Les Caraîbes, le Luxembourg, les île Vierges, le Delaware où le président Joe Biden a fait sa carrière restent les territoires sur lesquels la fraude peut s’épanouir. Le secret bancaire conjugué au secret des affaires, les sociétés écrans et les sociétés d’investissement, comme Black Rock, ont pris des positions stratégiques attirant le produit de la fraude et de tous les trafics. La financiarisation des économies facilite les opérations.
Des choses ont été faites.
Il serait faux de considérer que rien n’a été fait depuis la crise de 2008. Les différents G20, depuis celui de Londres du 2 avril 2009, expriment avec constance une volonté politique de renforcer l’échange d’informations à des fins fiscales dans un souci de transparence mais aussi de combattre l’érosion des bases d’imposition, ou encore de contrarier l’utilisation abusive des conventions fiscales qui conduit certains contribuables ingénieux à être en situation de double non-imposition.

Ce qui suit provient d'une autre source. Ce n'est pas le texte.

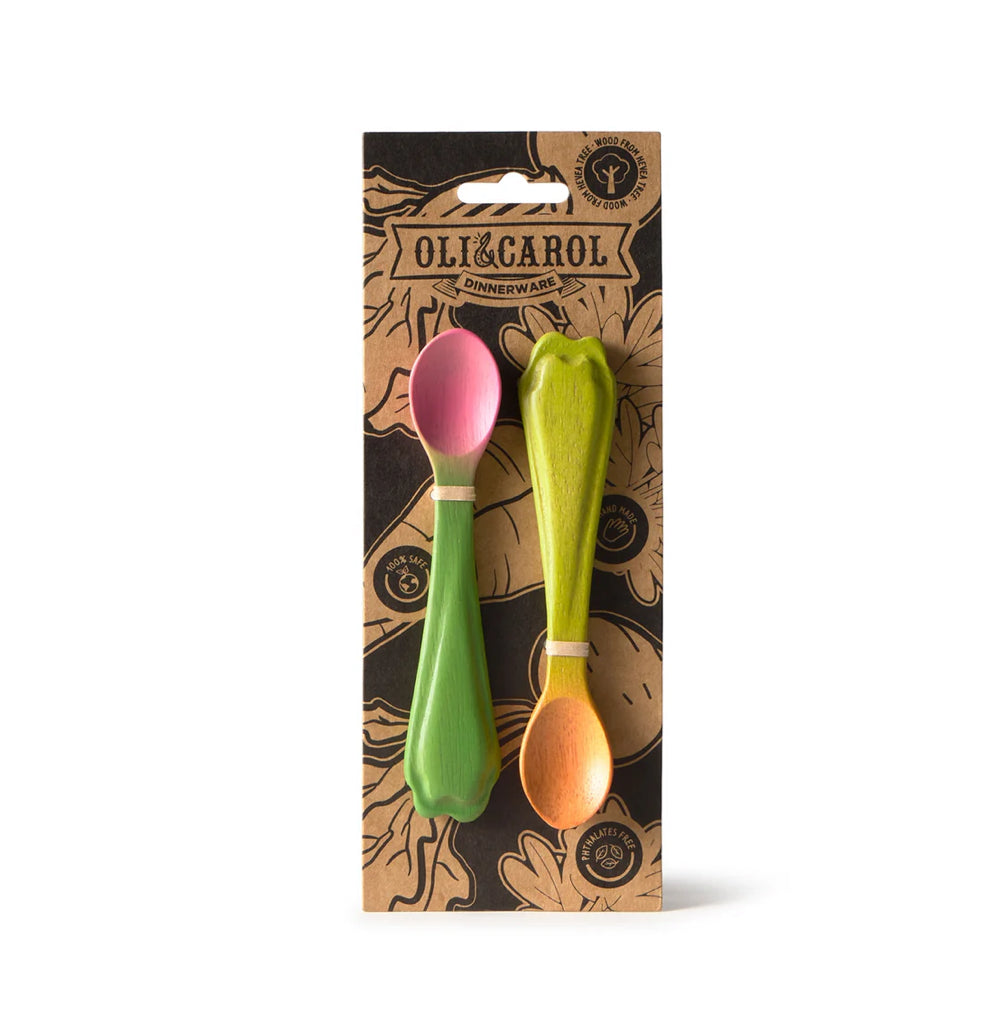 Lot de 2 cuillières - Ramona & Cathy - Oli&Carol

L’échange automatique de renseignements est une réalité. A l’initiative de l’OCDE, depuis 2018, une norme commune de déclaration (NCD) a permis d’échanger des renseignements sur 47 millions de comptes à l’étranger, pour une valeur totale de 4 900 milliards d’euros. L’initiative d’échange automatique de renseignements, inscrit dans 4 500 conventions fiscales bilatérales, représente un mouvement d’échanges d’informations sans précédent. Tout ceci ne doit pas être sans conséquence sur le contrôle fiscal et les recettes publiques qui, notamment, financent des services et participent à la vie économique du pays.
Des choses se font.
A la demande du G20, l’OCDE a conçu un plan d’ensemble cohérent avec quinze actions Base Erosion and Profit Shifting (BEPS), et le cadre inclusif de la Convention multilatérale, pour la mise en oeuvre de mesures relatives aux conventions fiscales pour prévenir l’érosion de la base d’imposition et des transferts de bénéfices vers des Etats à fiscalité privilégiée et où, généralement, le secret sous toutes ses formes est cultivé. Il s’agit clairement de lutter contre le chalandage fiscal, le « treaty shopping », qui fait partie de l’ingénierie fiscale avec une utilisation abusive des conventions fiscales, exercice très prisé par certains, qui, bien conduit, nous place dans la zone grise de l’évasion, avec très souvent comme résultat une double non-imposition. Autrement dit le profit, le produit, n’est ni taxé dans le pays de la source ni dans le pays de destination où il sera appréhendé.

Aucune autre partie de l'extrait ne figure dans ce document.